---------- Provided records ----------
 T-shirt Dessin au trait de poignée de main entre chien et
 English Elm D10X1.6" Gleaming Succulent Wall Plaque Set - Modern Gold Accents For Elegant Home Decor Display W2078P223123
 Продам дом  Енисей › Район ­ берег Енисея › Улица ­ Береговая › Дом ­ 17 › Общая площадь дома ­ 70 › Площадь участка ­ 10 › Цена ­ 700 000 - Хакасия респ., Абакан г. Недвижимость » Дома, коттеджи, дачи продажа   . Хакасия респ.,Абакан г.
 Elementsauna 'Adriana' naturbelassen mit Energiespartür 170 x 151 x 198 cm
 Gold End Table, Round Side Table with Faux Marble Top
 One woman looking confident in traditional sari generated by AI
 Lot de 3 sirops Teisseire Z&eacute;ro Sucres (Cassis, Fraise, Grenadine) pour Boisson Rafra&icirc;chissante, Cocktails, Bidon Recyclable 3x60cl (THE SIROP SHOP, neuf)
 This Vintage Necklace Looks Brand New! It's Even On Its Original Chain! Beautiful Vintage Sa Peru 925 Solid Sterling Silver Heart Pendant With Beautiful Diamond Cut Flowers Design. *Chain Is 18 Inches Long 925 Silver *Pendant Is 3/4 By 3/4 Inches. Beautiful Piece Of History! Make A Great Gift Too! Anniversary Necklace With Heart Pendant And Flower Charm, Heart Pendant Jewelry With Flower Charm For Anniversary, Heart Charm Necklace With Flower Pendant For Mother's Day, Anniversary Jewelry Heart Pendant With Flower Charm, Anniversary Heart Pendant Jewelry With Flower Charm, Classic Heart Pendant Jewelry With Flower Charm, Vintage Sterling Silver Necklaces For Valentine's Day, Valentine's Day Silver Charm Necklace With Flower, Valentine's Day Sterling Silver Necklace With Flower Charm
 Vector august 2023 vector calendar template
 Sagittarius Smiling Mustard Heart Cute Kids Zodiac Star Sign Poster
----------
Problem requirements:
Please retype the top of the data exactly, down to and including the line that holds "Lot de 3 sirops", and nothing further.

Solved problem:
 T-shirt Dessin au trait de poignée de main entre chien et
 English Elm D10X1.6" Gleaming Succulent Wall Plaque Set - Modern Gold Accents For Elegant Home Decor Display W2078P223123
 Продам дом  Енисей › Район ­ берег Енисея › Улица ­ Береговая › Дом ­ 17 › Общая площадь дома ­ 70 › Площадь участка ­ 10 › Цена ­ 700 000 - Хакасия респ., Абакан г. Недвижимость » Дома, коттеджи, дачи продажа   . Хакасия респ.,Абакан г.
 Elementsauna 'Adriana' naturbelassen mit Energiespartür 170 x 151 x 198 cm
 Gold End Table, Round Side Table with Faux Marble Top
 One woman looking confident in traditional sari generated by AI
 Lot de 3 sirops Teisseire Z&eacute;ro Sucres (Cassis, Fraise, Grenadine) pour Boisson Rafra&icirc;chissante, Cocktails, Bidon Recyclable 3x60cl (THE SIROP SHOP, neuf)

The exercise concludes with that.